Sam, in Brunei, said it was the day she arrived at her tram stop, and a homeless man whom she had treated to a hot chocolate days before, was waiting there for her with a hot chocolate in return.

They’re curated and produced by Zervos who all the while is traveling at a breakneck pace across the face of the Earth.


“Amazingly, I’m still on schedule,” Zervos, a dual citizen of the US and Greece, told me in May during a stopover in Cyprus. “I had to make several adjustments about 30 countries in, and my intention wasn’t to come back to Greece at this time. But still, I visited all the countries I expected to go to save for a couple I had to kick down the line, like North Korea which still hasn’t opened.”


“I’m amazed I’m on schedule,” he admitted. “Occasionally it means maybe spending a day less in a certain place but I’ve tried to make the most out of those situations.”


If you couldn’t tell by the hair, Zervos was already an avid globe trekker before he concocted the idea for his “record-breaking journey of happiness,” but also a self-described fan of logistics and planning, having worked in documentary filmmaking before embarking on his trip.


Knowing that he only had a few days in each nation, he spent much of the planning phase seeking out personalities and “fixers,” as Anthony Bourdain would call them. Finding them through social media, he’d open a dialogue and see if they could give him a crash course on what it means to be happy in the Democratic Rep. of the Congo, Mongolia, Burundi, etc.


“It’s changed me in ways that I can’t really articulate,” said Zervos in May, who by then had already filmed between 700 and 800 interviews.

All human beings are happy sometimes. Zervos wanted to know why.


In an exercise in cross-cultural sociology, he selected questions that are typically found on the sort of surveys from the UNDP or WHO that are administered in regions across low and middle-income countries when measuring development rates.

However, Zervos quickly found that asking the question “what makes you happy?” isn’t the best way to get an answer to that question.


“It doesn’t really elicit a story, so that’s why I changed it to ‘what’s the happiest moment of your life?'” Zervos explains. “I’ve gotten a lot of the same answers, but it’s amazing when you’re able to clarify the question and actually ask for a specific moment, it doesn’t necessarily fall in line with what makes them happy.”
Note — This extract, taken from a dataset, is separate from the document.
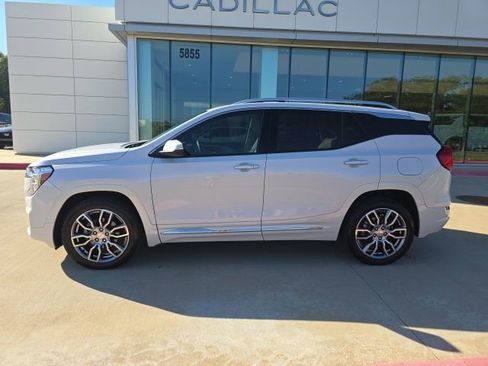 Used 2023 GMC Terrain Denali image 2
“So if they’re saying ‘oh family makes me happy.’ Okay wonderful, but I want a specific moment in your life, then I’ll get like ‘oh well, when I bought a bell for my prized cow, and I was able to afford it, and everyone could see this bell and how beautiful it was on my black and white cow.’”


“So it seems like the highest highs aren’t always what makes you happy consistently.

People between the ages of 18 and 25? Not many have said ‘when I got married,’ but many have said education, or when my first child was born, but as they’ve gotten older those responses have actually diminished.”


“Like a village chief near Victoria Falls in Zimbabwe—85 years old but doesn’t look it—he said his happiest moment is when he hosted a cohort of international travelers and agents from all over the world. And he killed goats and oxen and chickens over three days and it was all late nights and dancing and harmony… the way he was describing, you could see the lights in his eyes he was getting so emotional.”

The hunt for happiness in humanity is a new exercise for Zervos, who is fueled by a love of travel and storytelling.


“Some of my favorite books and movies—they never wrap up the mystery. Maybe they wrap up the plot but they open up the theme at the very end to make you question more things than none, and there’s more than a little of that in travel and I think that’s why I keep coming back to certain locations. I really can’t get enough of that.”


North America, Europe, and South America remain.